Healthcare reform stirs deep emotions at Philly town hall

From the temperature in the room, it could just as well have been a U.K. soccer match. But no, ordinary citizens had come out to an event in which they discussed--or shouted at each other and the speakers--about the future of the U.S. healthcare system.

At present, where things stand on the Hill is that the House Committee on Energy and Commerce has approved its version of health reform legislation, a draft which could cover 95 percent of Americans and would introduce the much debated "public option" government-run insurance plan.

Arguments on the Hill are contentious enough. But when they made a recent public appearance, HHS Secretary Kathleen Sebelius and U.S. Sen.
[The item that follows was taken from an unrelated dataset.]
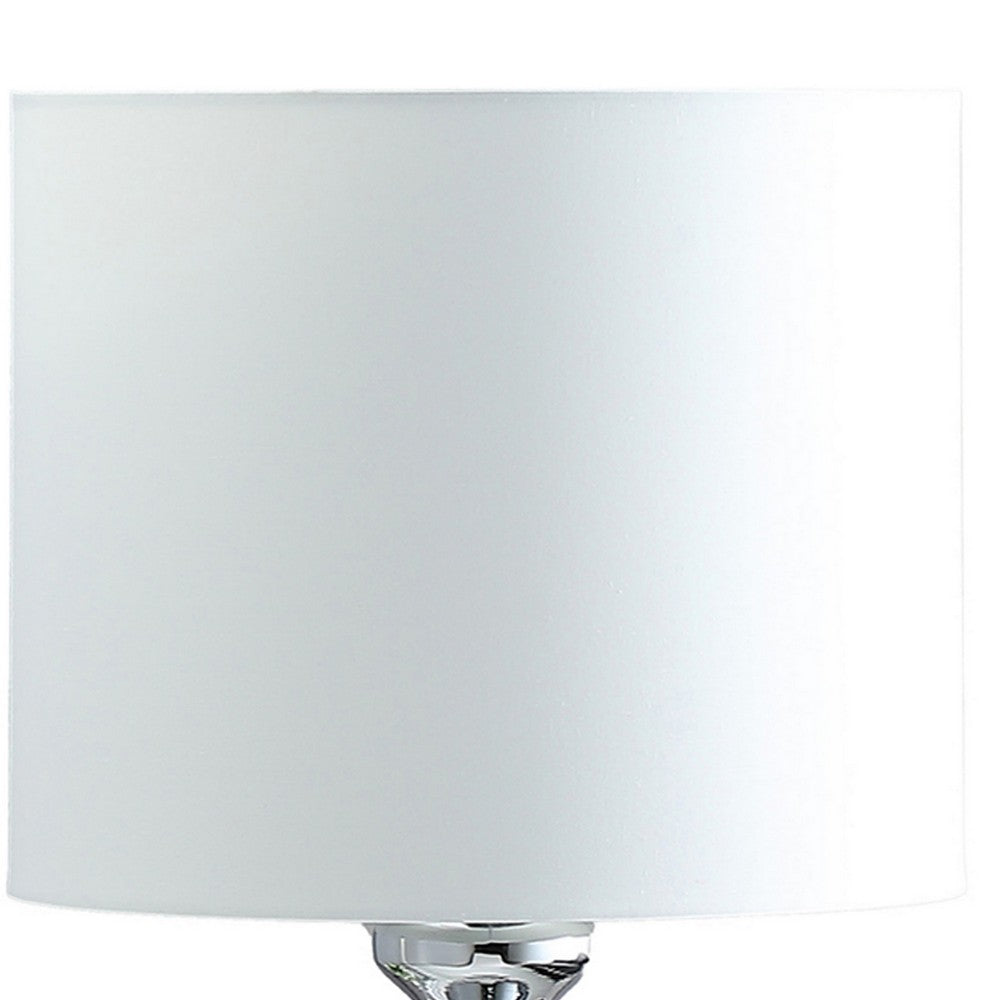 Benjara Omi 25 Inch Table Lamp, Drum White Shade, Sleek Slender Modern Chrome Body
Arlen Specter got a taste of just how emotional things are for some of the public.

The two came to the National Constitution Center in Philadelphia to discuss the reform plan this weekend. A standing room only crowd of 400 attended, and apparently, weren't shy about making their voices heard. Sebelius and Specter could barely get a word in edgewise, as arguments broke out among spectators with opposing views--typically between those who feared that government would ration care and those who believe the new plan would extend care to far more citizens.

If the rest of the country is as confused, angry and stirred up as Philadelphia, it's small wonder that reform didn't make President Obama's deadline. This is just one reminder, if we needed one, that this has got to be one of the toughest battles a president has faced in many decades.